[Start of Attachment]

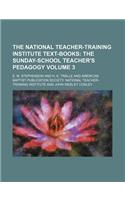 The National Teacher-Training Institute Text-Books Volume 3; The Sunday-School Teacher's Pedagogy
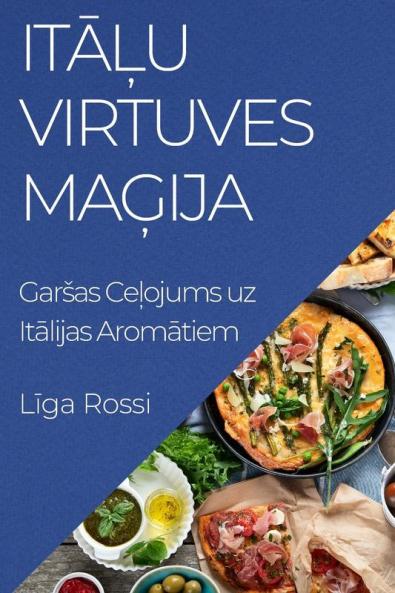 Itāļu Virtuves Maģija: Garsas Ceļojums uz Itālijas Aromātiem (Latvian Edition)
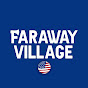 Faraway Village USA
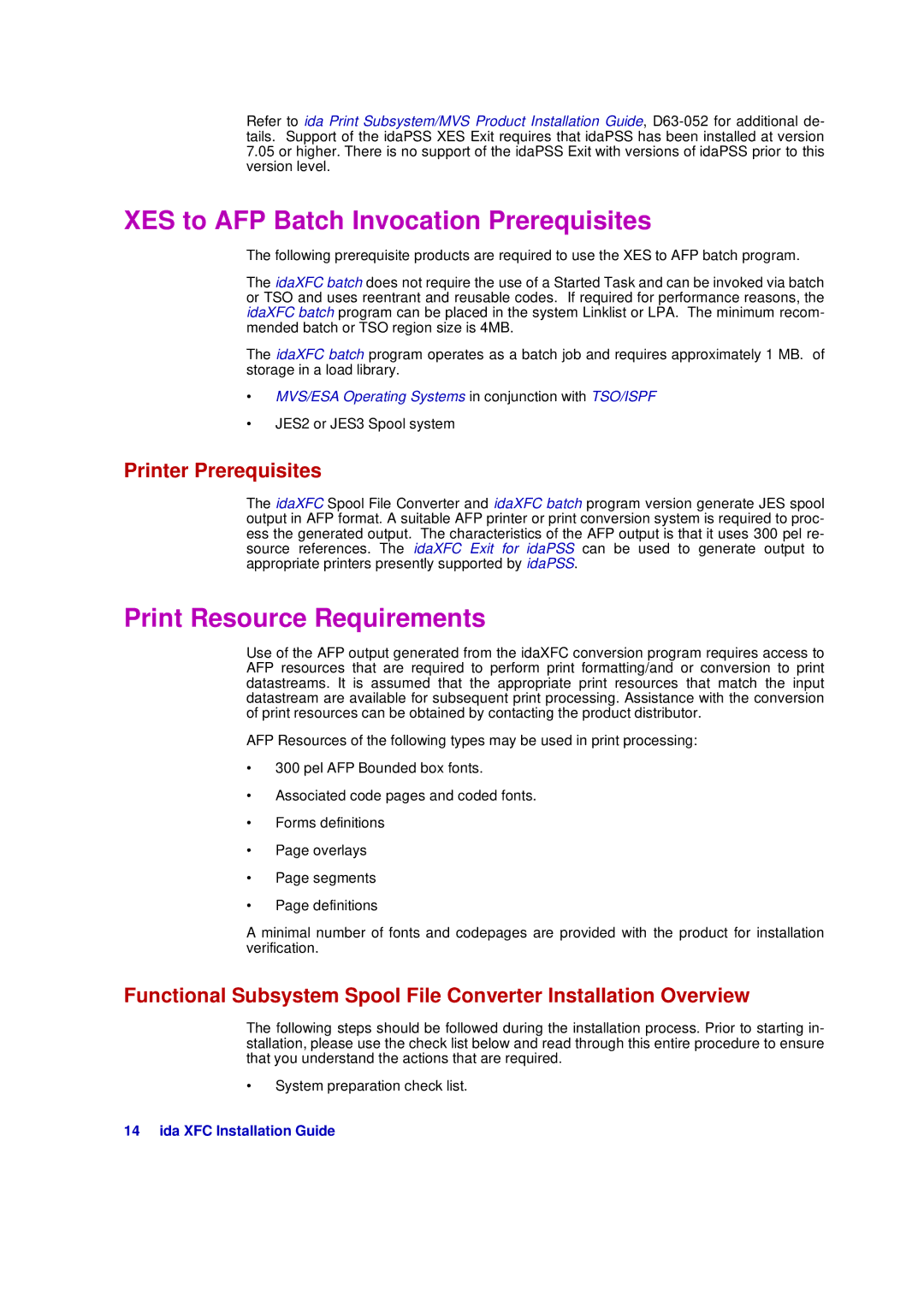 Xerox D63-069-00 manual XES to AFP Batch Invocation Prerequisites, Print Resource Requirements, Printer Prerequisites 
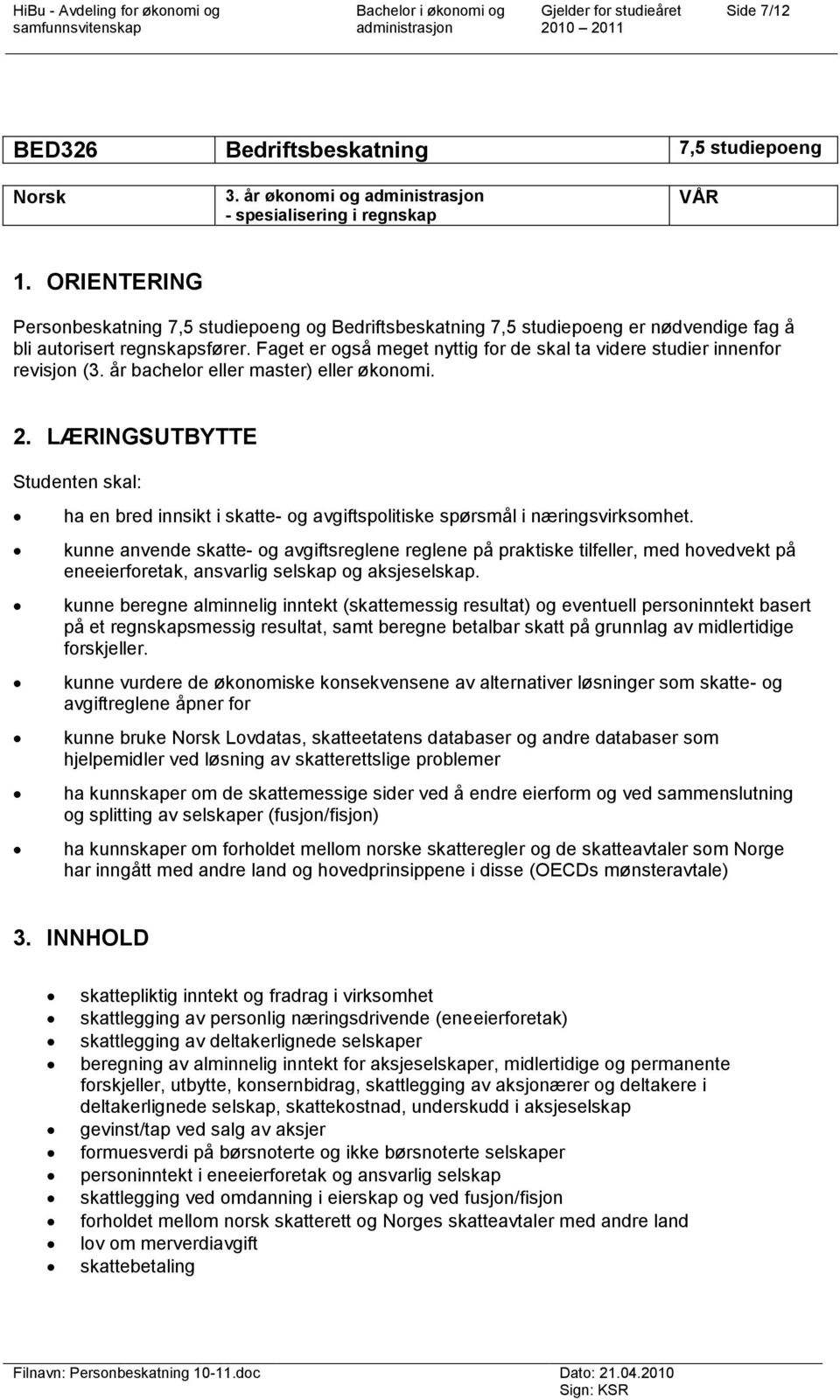 Faget er også meget nyttig for de skal ta videre studier innenfor revisjon (3. år bachelor eller master) eller økonomi. 2.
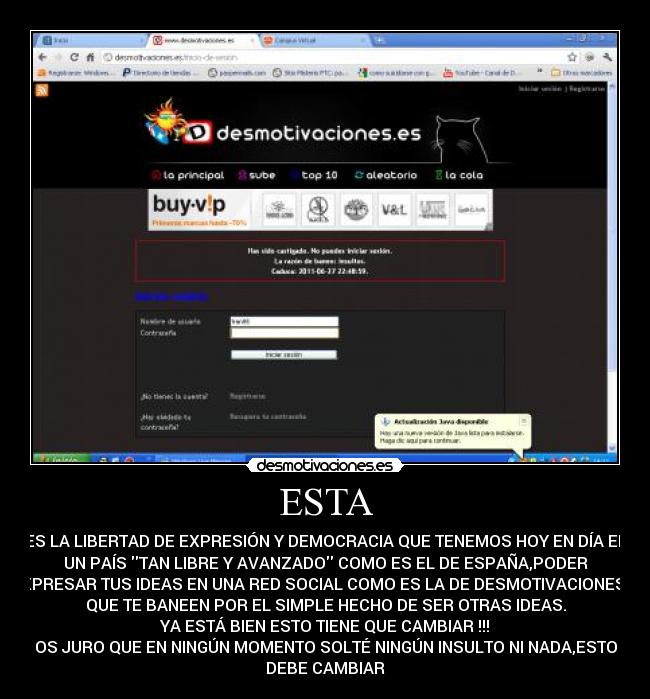 ESTA - ES LA LIBERTAD DE EXPRESIÓN Y DEMOCRACIA QUE TENEMOS HOY EN DÍA EN
UN PAÍS TAN LIBRE Y AVANZADO COMO ES EL DE ESPAÑA,PODER
EXPRESAR TUS IDEAS EN UNA RED SOCIAL COMO ES LA DE DESMOTIVACIONES Y
QUE TE BANEEN POR EL SIMPLE HECHO DE SER OTRAS IDEAS.
YA ESTÁ BIEN ESTO TIENE QUE CAMBIAR !!!
OS JURO QUE EN NINGÚN MOMENTO SOLTÉ NINGÚN INSULTO NI NADA,ESTO
DEBE CAMBIAR
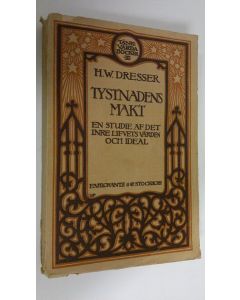 Kirjailijan H. W. Dresser käytetty kirja Tystnadens makt : En studie af det inre lifvets värden och ideal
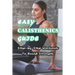 Easy Calisthenics Guide: Step-by-Step Workouts To Build Strength: Beginner Calisthenics Workout At Home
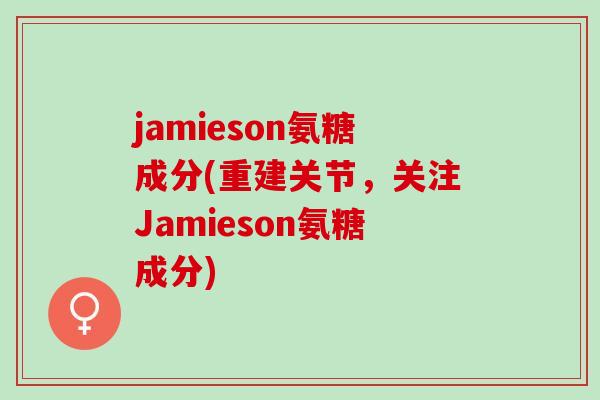 jamieson氨糖成分(重建关节，关注Jamieson氨糖成分)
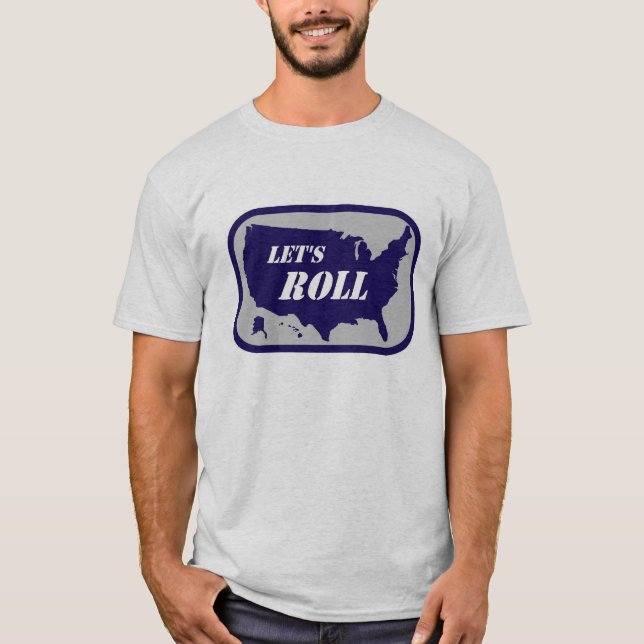 Let's Roll In Memory of 9/11 T-Shirt (Front)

[End of Attachment]

What the task asks | Repeat only what runs from the first line of the records above to the line with "Faraway Village USA", both included, word for word, minus the pictures.

Response area |
 The National Teacher-Training Institute Text-Books Volume 3; The Sunday-School Teacher's Pedagogy
 Itāļu Virtuves Maģija: Garsas Ceļojums uz Itālijas Aromātiem (Latvian Edition)
 Faraway Village USA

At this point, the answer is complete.